تَـرسْـكَارِي اَزْ وَرَعْ پَـيْدَا شَـوَدْ  هَرْ كِه بَاشَدْ بِي وَرَعْ رُسْوَا شَوَدْ

بَا وَرَعْ هَرْكَسْ كِه خُودْ رَا كَردْ رَاستْ   جُنْبُشُ و اٰرَامَشْ اَزْ بَهرِ خُدَاستْ

اٰنْ كِه اَزْ حَقْ دُرُسْــتِي دَارَدْ طَمَعْ        دَرْ مَحَبّتْ كَاذِبَشْ دَانْ بِي وَرَعْ

“Vera’ duygusundan Allah korkusu peydâ olur, vera’sız kimse ise kıyamette rüsva olur. Kim ki vera’ çizgisinde istikametini buldu, onun duruşu da kalkışı da hareketi de sükûnu da Allah için oldu. Bir kimse ki, Hak dostluğunu umar, eğer vera’ yoksa, o kimse muhabbet iddiasında yalancıdır.”

Vera’, zâhir ve bâtın buudlarıyla yerine getirilmesi kulluk borcu umumî bir ameldir. Vera’ yolcusu, takva ile ulaşılan zirvelerde dolaşırken, bir taraftan zâhiriyle, emr u nehiylerin azat kabul etmez kölesi olarak hayatını onlarla örgüler.. ve “Allah için işler, Allah için başlar”,[4] Allah için oturur, Allah için kalkar. Allah için yer, Allah için içer, “lillâh, livechillâh dairesinde hareket eder”,[5] diğer taraftan da bâtınını “Hazîratü’l-Kuds”ün izdüşümü hâline getirerek, kalbindeki “Kenz-i Mahfî” ile halvet olur ve bütün bütün ağyâra kapanır. Yani O’na götürmeyen düşüncelerden uzaklaşır.. O’nu hatırlatmayan görüntülere sırtını döner, O’nu söylemeyen beyanlara –onlara beyan denecekse– kulaklarını tıkar ve O’nun kıymetler listesine girmeyen şeylerden de elini-eteğini çeker.

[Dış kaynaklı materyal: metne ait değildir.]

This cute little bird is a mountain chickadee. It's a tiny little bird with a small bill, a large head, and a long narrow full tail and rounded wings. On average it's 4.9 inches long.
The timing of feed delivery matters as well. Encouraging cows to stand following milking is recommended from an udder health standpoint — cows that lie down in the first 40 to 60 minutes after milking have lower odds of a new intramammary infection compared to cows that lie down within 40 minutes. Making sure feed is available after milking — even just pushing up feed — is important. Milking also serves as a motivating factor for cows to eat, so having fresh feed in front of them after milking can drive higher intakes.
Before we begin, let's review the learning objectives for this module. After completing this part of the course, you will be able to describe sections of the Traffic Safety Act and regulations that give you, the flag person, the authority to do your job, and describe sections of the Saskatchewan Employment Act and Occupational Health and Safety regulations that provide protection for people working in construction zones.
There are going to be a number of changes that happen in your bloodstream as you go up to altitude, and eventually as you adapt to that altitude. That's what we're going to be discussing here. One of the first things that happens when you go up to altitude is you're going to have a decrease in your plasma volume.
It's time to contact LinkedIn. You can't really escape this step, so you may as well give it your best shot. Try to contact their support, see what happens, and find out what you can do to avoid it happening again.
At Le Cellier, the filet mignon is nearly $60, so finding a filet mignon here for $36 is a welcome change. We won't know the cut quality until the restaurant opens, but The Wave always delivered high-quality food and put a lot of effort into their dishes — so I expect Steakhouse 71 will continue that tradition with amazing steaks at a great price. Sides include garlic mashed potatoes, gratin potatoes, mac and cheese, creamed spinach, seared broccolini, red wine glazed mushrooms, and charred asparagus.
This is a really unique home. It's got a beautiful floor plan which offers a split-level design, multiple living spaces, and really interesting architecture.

İşte bu mânâdaki vera’, insanı Allah’a amûdî (dikey) olarak yükseltir. Bundandır ki, Cenâb-ı Hak, Hz. Musa’ya: “Bana yaklaşmak isteyenler vera’ ve zühd gibisini bulamamışlardır.”[6] ferman eder.

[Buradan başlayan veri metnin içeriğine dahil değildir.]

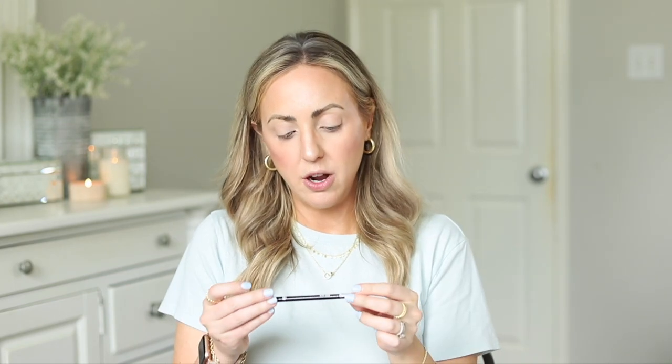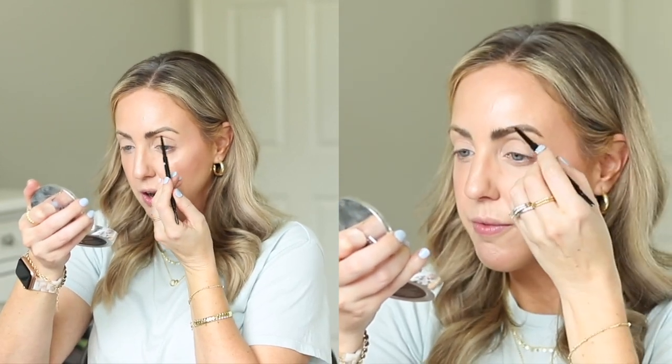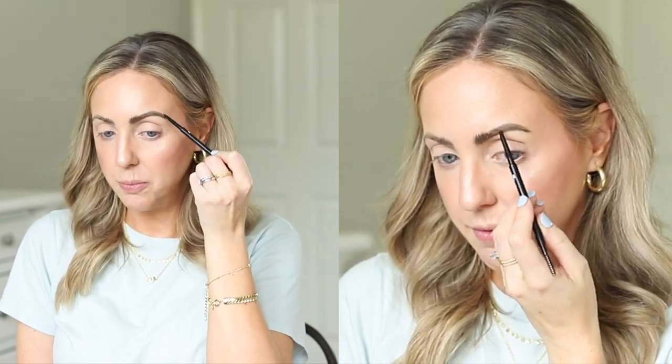Moving on to brows: the AOA Studio Slim Brow Pencil in shade Medium Brown — a skinny pencil with a spoolie on the other end. The shade matched my brow hairs really well and the formula went on easily, no complaints. I'm very happy with this product — I can't believe this is a dollar. Would totally recommend.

Asr-ı Saadetle insanlığın tanıdığı vera’, tâbiûn ve tebe-i tâbiîn döneminde âdeta semavîleşti ve her mü’minin gaye-i hayali hâline geldi. Bu dönemde idi ki, Bişr-i Hâfî’nin kızkardeşi, Ahmed İbn Hanbel’e gelerek: “Yâ İmam! Ben çok defa dam üstünde iplik büküyorum.. bazen de devlet memurları ellerinde meşaleler oradan geçiyorlar ve elimde olmayarak o ışıktan da istifade etmiş oluyorum.. bu ipliğe haram karışıyor mu?” deyince, koca imam hıçkıra hıçkıra ağlar ve “Bişr-i Hâfî’nin hânesine, şüphenin bu kadarcığı bile bulaşmış bir şey girmemeli.” fetvasını verir.[7]

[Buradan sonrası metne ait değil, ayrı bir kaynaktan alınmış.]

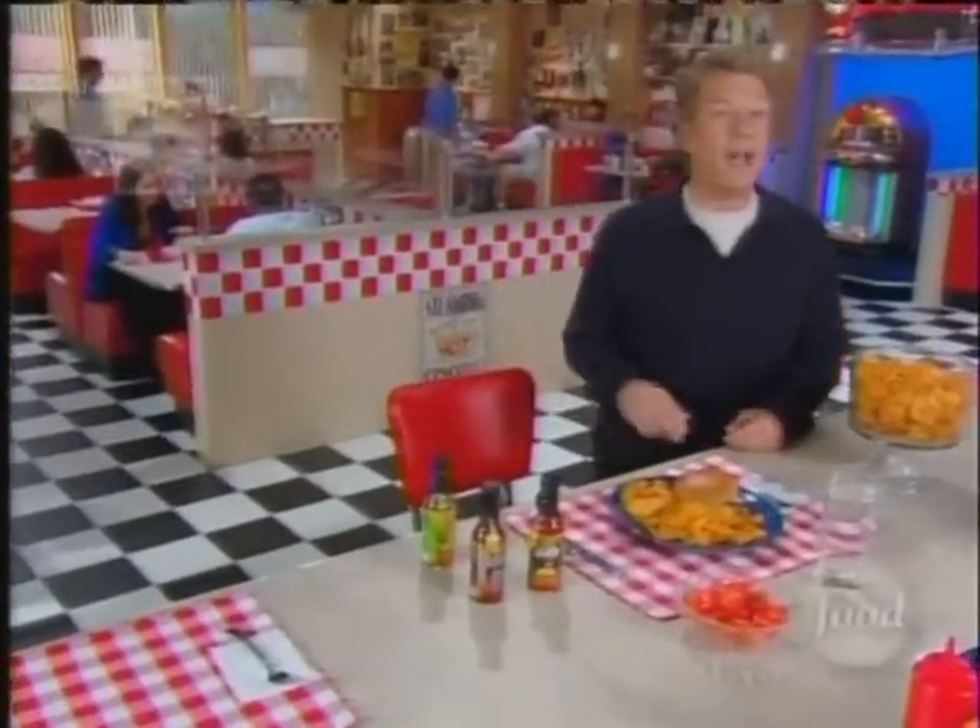Welcome back to Unwrapped, where we're starting a fire in our mouth with a taste of atomic foods. Now, it's common to find the hot stuff in sauces and salsas, but what about in an unsuspecting potato chip? Check out what it takes to become America's hottest chip.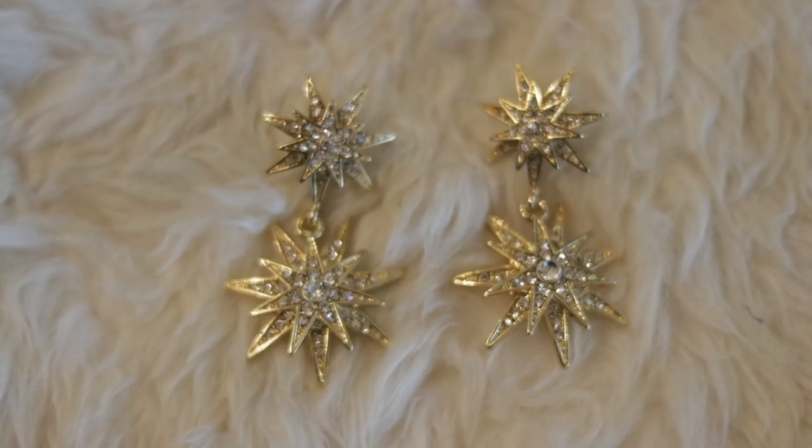When I saw these came back up I had to grab them. These I think are the Celestial Drops — basically starburst dangly earrings in gold — and I just think they go with so many things. I love a dangly earring with long hair; dangling is nice. I just think these are so pretty.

Ve yine bu dönemde idi ki, gözü bir kere harama ilişen biri, bütün bir ömür boyu “Günahım!” deyip feryat ediyordu. Evet bu dönemde idi ki, bilmeyerek haram bir lokmanın girdiği mide istifrâğa zorlanıyor ve bunun için günlerce gözyaşı dökülüyordu.[8]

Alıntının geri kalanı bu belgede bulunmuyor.